L’offensive terroriste est aussi celle du discours politique. Les armes aiment la parole. Proclamation, récits, mises en scène (notamment des exécutions capitales dans l’économie archaïque du supplice public), photographies, vidéos : la guerre planétaire de la mondialisation terroriste est idéologique. Le salafisme djihadiste et le Califat, son institution armée, mènent la guerre médiatique (une bataille de communication) de la propagande. La mobilité virtuelle du Califat excède pour l’instant sa mobilité géographique.

Saisir et combattre les vitupérations de la propagande djihadiste oblige à la prendre au sérieux. Il faut déconstruire l’imaginaire social, politique et confessionnel que répand le Califat numérique pour universaliser son nomos de la haine (territoire mental et géographique). Le Califat est une forme inédite du politique menée par une « belligérance totale ». En suscitant l’hostilité, elle provoque son incompréhension analytique hors des catégories d’opposition de la civilisation à la barbarie.
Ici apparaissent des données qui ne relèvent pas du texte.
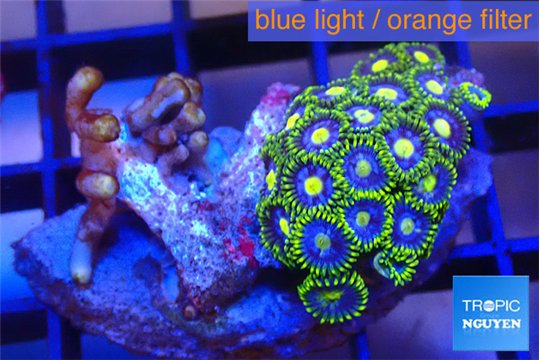 Zoanthus neon blue magician 2-3 cm WYSIWYG acclimaté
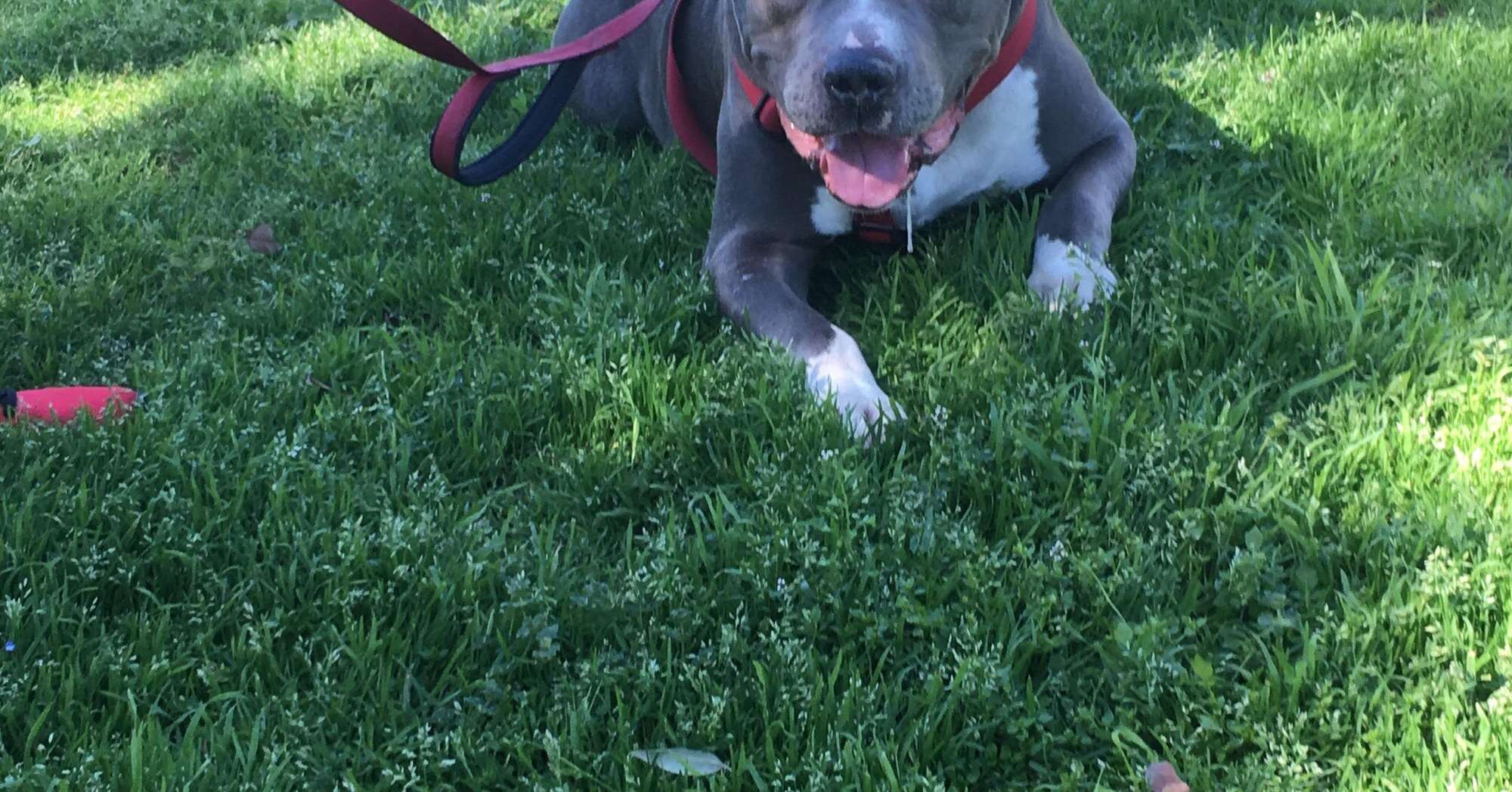 Blue King outside in the grass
Le partisan du Califat, déjà actif sur notre sol national, prépare une « attaque de guérilla politique ».

Mentalement désarmés

Grande question : pourquoi sommes-nous mentalement désarmés face aux partisans du Califat avançant masqués dans les territoires à libérer avec cette nouvelle « guerre subversive » ? Désarmés au point de ressortir les vieilles lunes culturalistes, notamment les « explications amorphes » de la causalité religieuse, de la déliquescence du lien social et de l’agression des « croisés » occidentaux ?
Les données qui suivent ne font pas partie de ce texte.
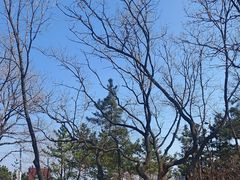 -棒棰岛宾馆景区
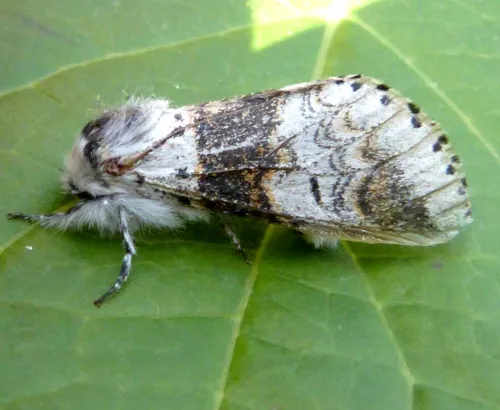 Sallow Kitten - photo 3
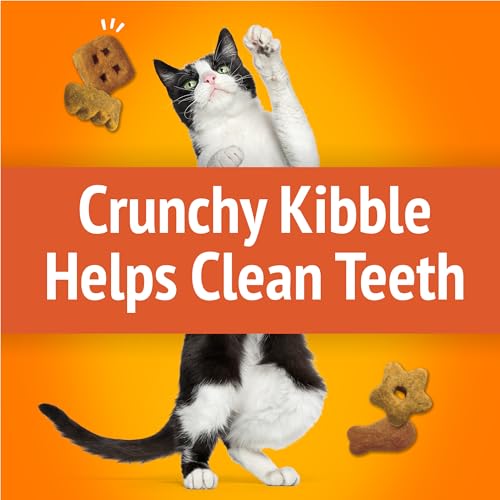Purina Friskies Cat Treats, Party Mix Original Crunch - 30 oz. Pouch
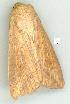  ( - gvc8914-1L)  @13 [ ] Copyright (2004) Unspecified Unspecified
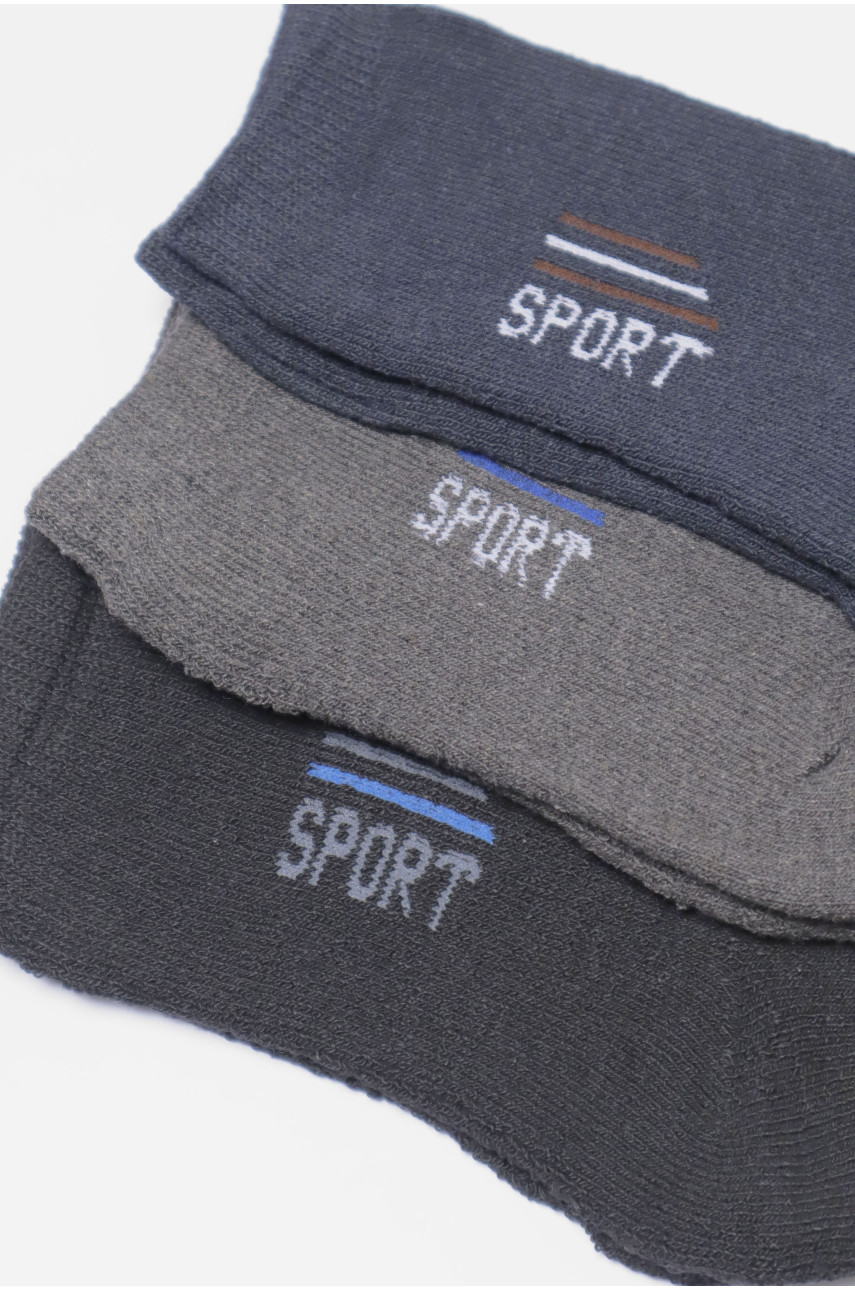 Набір шкарпеток чоловічих махрових 3 штуки 104 190354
L’hostilité du terrorisme islamique califal est polymorphe et illimitée. Comme le faisait l’hitlérisme dans les années 1930 en plaçant la race au-dessus des nationalismes, le Califat politique — comme État d’exception— absolutise la guerre subversive en l’activant hors du territoire califal et en l’inscrivant sous l’élan libérateur de la mondialisation qu’accélère l’économie. Planétaire, la guerre de conquête politique s’émancipe des règles ancestrales du droit international (ancien droit des gens). Le nouveau territoire du terroriste est celui de la Terre toute entière : l’ennemi mécréant est universel.
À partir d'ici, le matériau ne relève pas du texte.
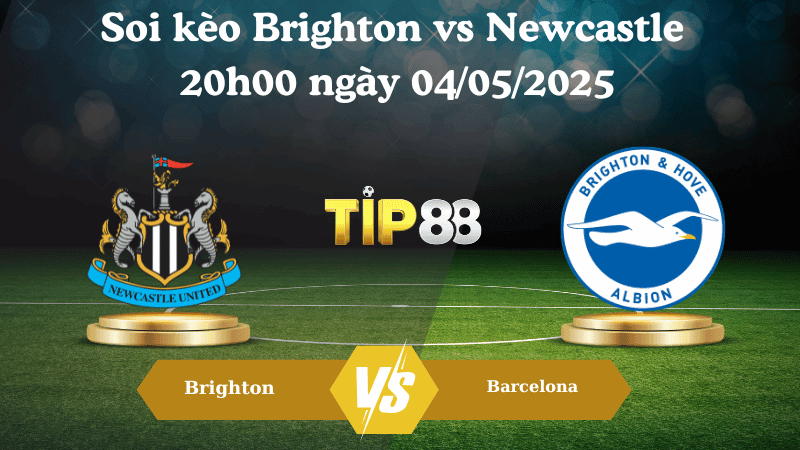 TIP88 Nhận định soi kèo Brighton vs Newcastle 20h00 ngày 04/05/2025 - Ngoại hạng Anh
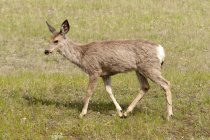 Lone Deer walking in field — Stock Photo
Contre le « totalitarisme nouveau » de l’« islam propagandiste », une nouvelle rhétorique politique s’impose. Celle du murmure démocratique, qui censure toute parole « bénignement offensante » au nom du relativisme socio-culturel et de l’égalitarisme, est devenue caduque. Il faut retrouver la force rhétorique des grands moments de l’histoire politique de la démocratie en guerre. Pour coexister belliqueusement avec l’ennemi, il faut parler contre (et avec) le Califat et les « maîtres du djihadisme ». La nouvelle arme rhétorique pour le contrecarrer sur les terrains de l’engagement et de la persuasion reste peut-être à inventer hors des catégories les plus convenues de notre désarmement mental.

Deux lectures très innovantes :

Jenny Raflik, Terrorisme et mondialisation. Approches historiques, Paris, Gallimard (Bibliothèque des Sciences humaines), 2016 (416 p.). Philippe-Joseph Salazar, Paroles armées. Comprendre et combattre la propagande terroriste, Paris, lemieux éditeur, 2015 (262 p.).